Work required | From the first line of the listing below, retype each line up to and including the one with "VividMuse Hummingbird Canvas"; pictures stay out.

The data |

»»

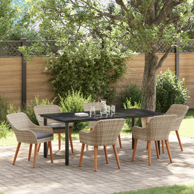 Blagovaonski set 7 kom 200 x 100 x 74 cm, svijetlo siva i crna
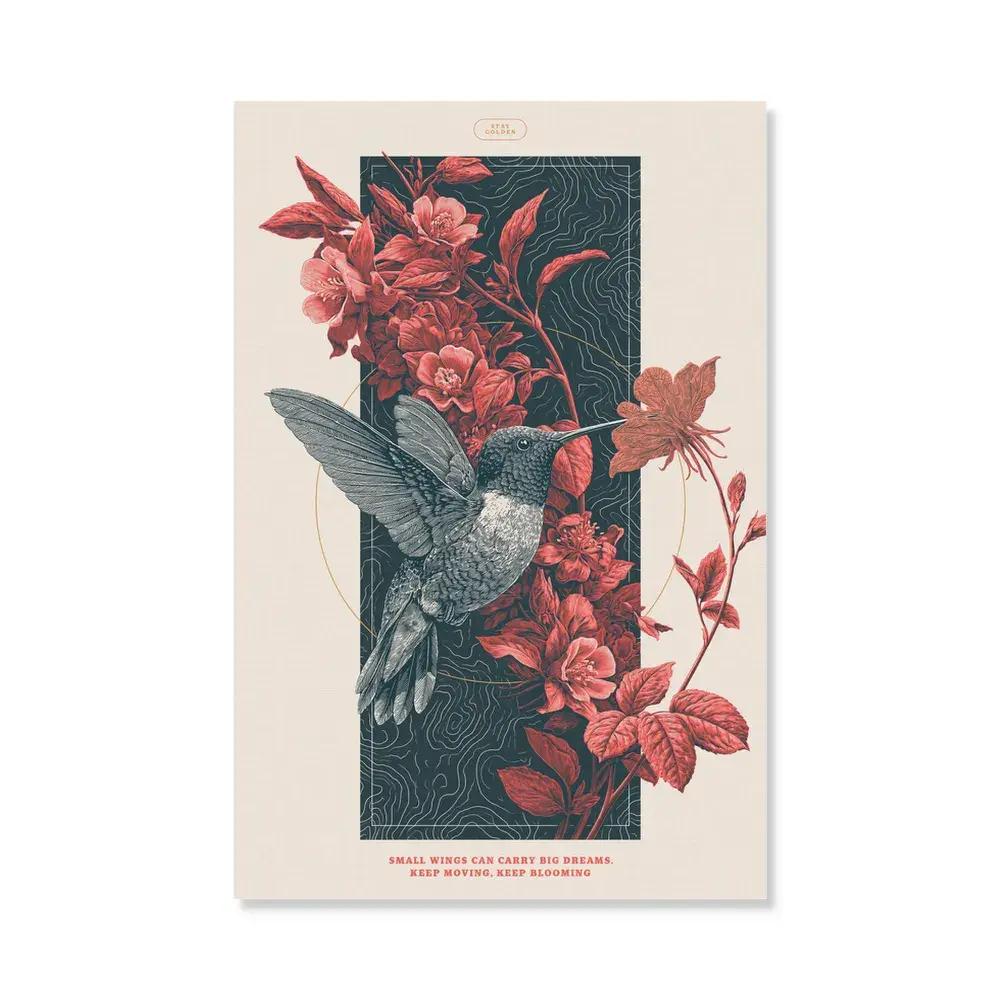 VividMuse Hummingbird Canvas Wall Art, Vintage Floral Animal Print Poster, Unframed Botanical Wall Decor for Living Room Bedroom, HD Printing on Premium Canvas, Inspirational Quote Gift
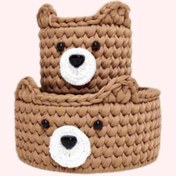 تصویر سبد قلاب بافی تریکو طرح پدر و پسر خرسی کد 5 مجموعه 2 عددی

««

Finished task |
 Blagovaonski set 7 kom 200 x 100 x 74 cm, svijetlo siva i crna
 VividMuse Hummingbird Canvas Wall Art, Vintage Floral Animal Print Poster, Unframed Botanical Wall Decor for Living Room Bedroom, HD Printing on Premium Canvas, Inspirational Quote Gift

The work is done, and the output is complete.